Rice, who was Jerrehian’s clinic partner, agreed.
“Although most of the work we all do as law students is highly individual, actual lawyering requires a team effort,” she said. “Matt and I developed a great working relationship. We learned to draft interview plans for our clients together, to jointly develop a litigation strategy, and to write affidavits and briefs as a team.”
It was particularly reassuring to have a trusted partner to lean on when the COVID-19 crisis hit, and the most dehumanizing aspects of the immigration system were further aggravated by the need to maintain physical distance. Even under ordinary circumstances, clients pleading for their lives are often up against a judge with, as Zouai recalled, a “mechanical demeanor,” a “lack of compassion,” and an “utter disregard for basic human dignity.”

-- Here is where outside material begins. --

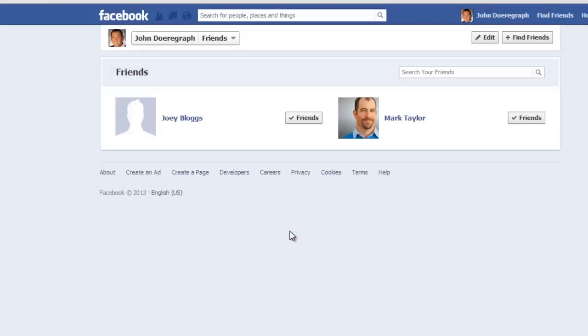In the upper right-hand corner of this screen, next to the edit button, click on the find friends icon.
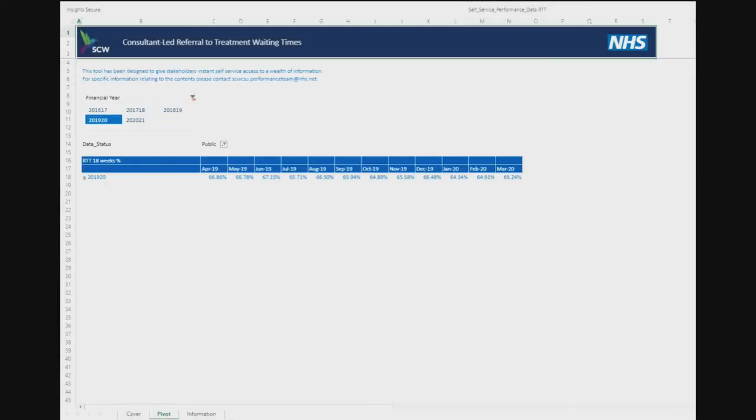The pivot tab contains an Excel online pivot table. This is a live link to the data source indicated in the information tab, so all queries are processed in real time.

Just as the pandemic was erupting, Rice and Jerrehian were charged with representing a client they had never met in person.
“All of our interviews with the client were conducted over video conference, which often cut out or had poor audio quality,” Rice said. “These obstacles made developing a relationship with our client significantly more difficult. His asylum hearing was then conducted over the phone, which presented its own problems. Of all the challenges I had anticipated facing in my first hearing, struggling to identify the judge by his voice was not one of them!”
Students tend to leave the clinic with a taste for in-person advocacy and a commitment to advancing the rights of forcibly displaced people worldwide. Zouai, for example, said her clinic experience and Paoletti’s mentorship in particular informed her decision to begin her legal career working for the Center for Justice & Accountability, where she will represent torture survivors and hold human rights violators accountable before U.S. and international courts.
Jerrehian said that his clinic experience had confirmed his desire to do trial work.
“As angry as the courts make me,” he said, “I now know that I want to fight them head on.”
Rice, who hopes to pursue a career improving the lives of immigrants through civil impact litigation, said “while I will likely forget many of the cases I read in law school, I will never forget my experience with the Transnational Legal Clinic.”